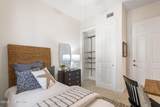 170 Pantano Cay Boulevard - Photo 32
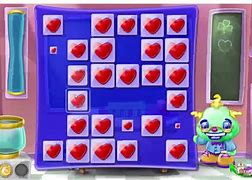 Image result for Purble Place Matching Game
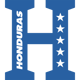 Honduras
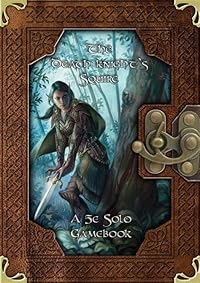 Book 1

--- Exercise description ---
Leave out the pictures and give the rest of the material again, unaltered.

--- Result for this exercise ---
 170 Pantano Cay Boulevard - Photo 32
 Image result for Purble Place Matching Game
 Honduras
 Book 1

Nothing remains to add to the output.